**Data shown**
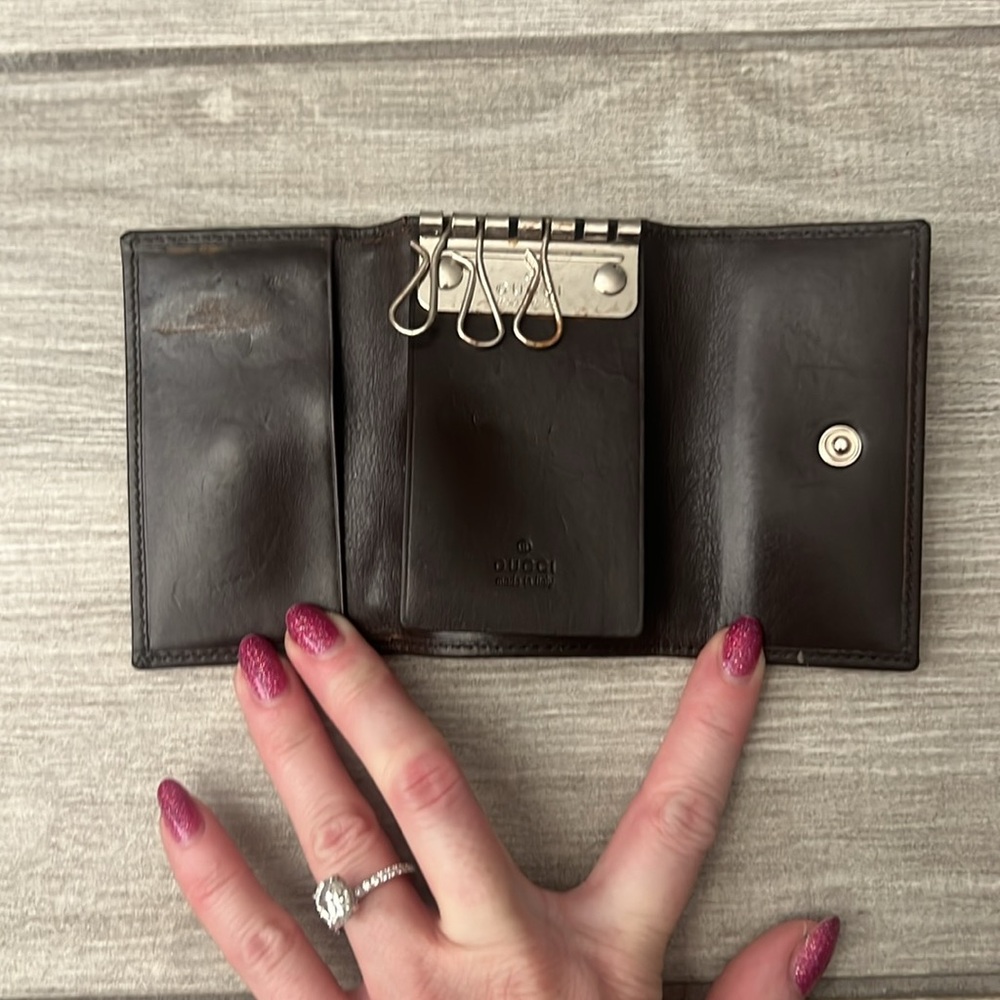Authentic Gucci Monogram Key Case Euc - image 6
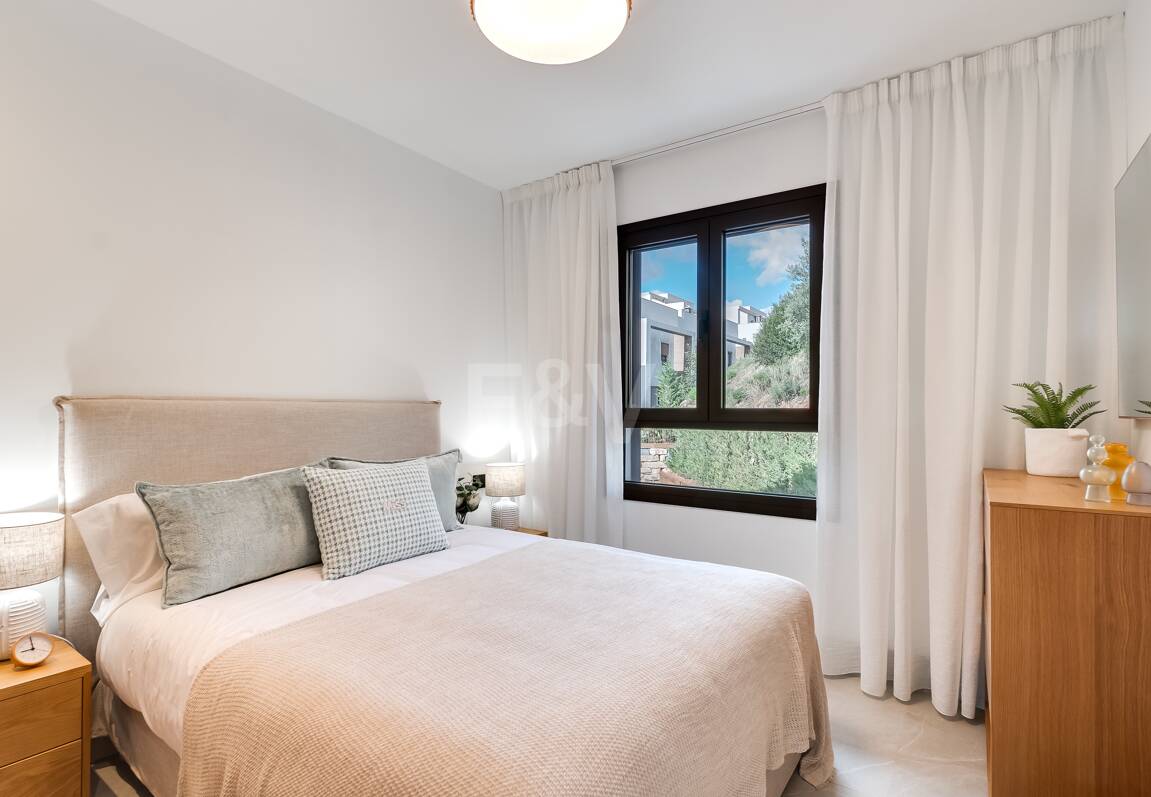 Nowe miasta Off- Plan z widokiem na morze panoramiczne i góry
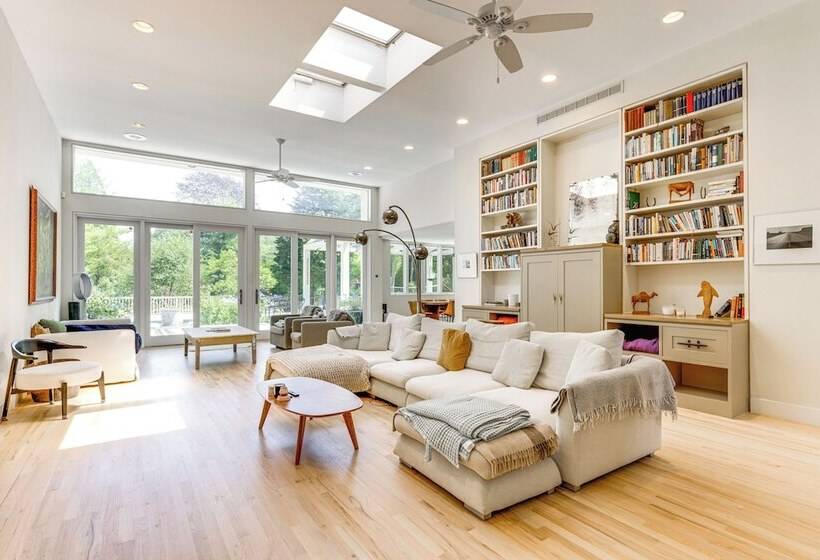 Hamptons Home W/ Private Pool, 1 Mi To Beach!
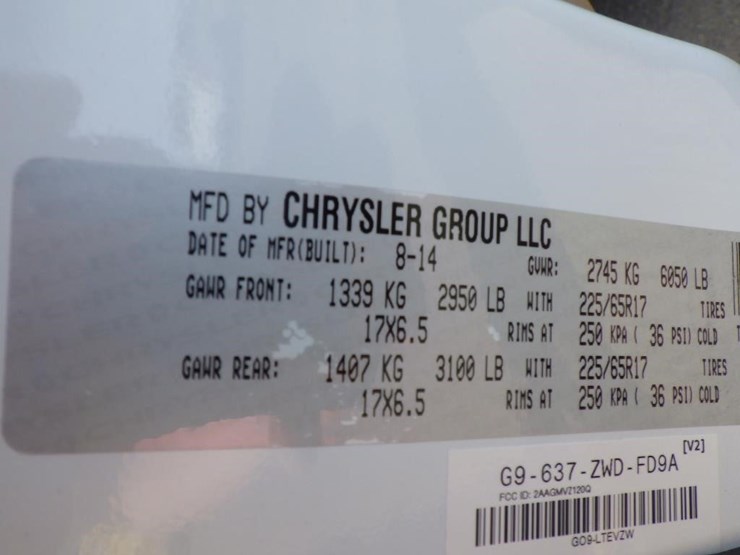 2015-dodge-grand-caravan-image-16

==

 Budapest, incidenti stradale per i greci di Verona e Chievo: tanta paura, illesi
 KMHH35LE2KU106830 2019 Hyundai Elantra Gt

--

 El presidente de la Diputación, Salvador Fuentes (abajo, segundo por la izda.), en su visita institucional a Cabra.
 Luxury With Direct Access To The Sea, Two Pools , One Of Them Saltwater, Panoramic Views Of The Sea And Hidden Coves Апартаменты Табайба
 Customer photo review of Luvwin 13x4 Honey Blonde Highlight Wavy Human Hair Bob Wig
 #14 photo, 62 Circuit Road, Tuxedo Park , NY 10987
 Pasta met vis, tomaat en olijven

**Your instructions**
Nothing should appear in the answer except the lines above from the line with "Customer photo review" through the line with "Pasta met vis, tomaat en olijven", both included, written out exactly.

**Result of the task**
 Customer photo review of Luvwin 13x4 Honey Blonde Highlight Wavy Human Hair Bob Wig
 #14 photo, 62 Circuit Road, Tuxedo Park , NY 10987
 Pasta met vis, tomaat en olijven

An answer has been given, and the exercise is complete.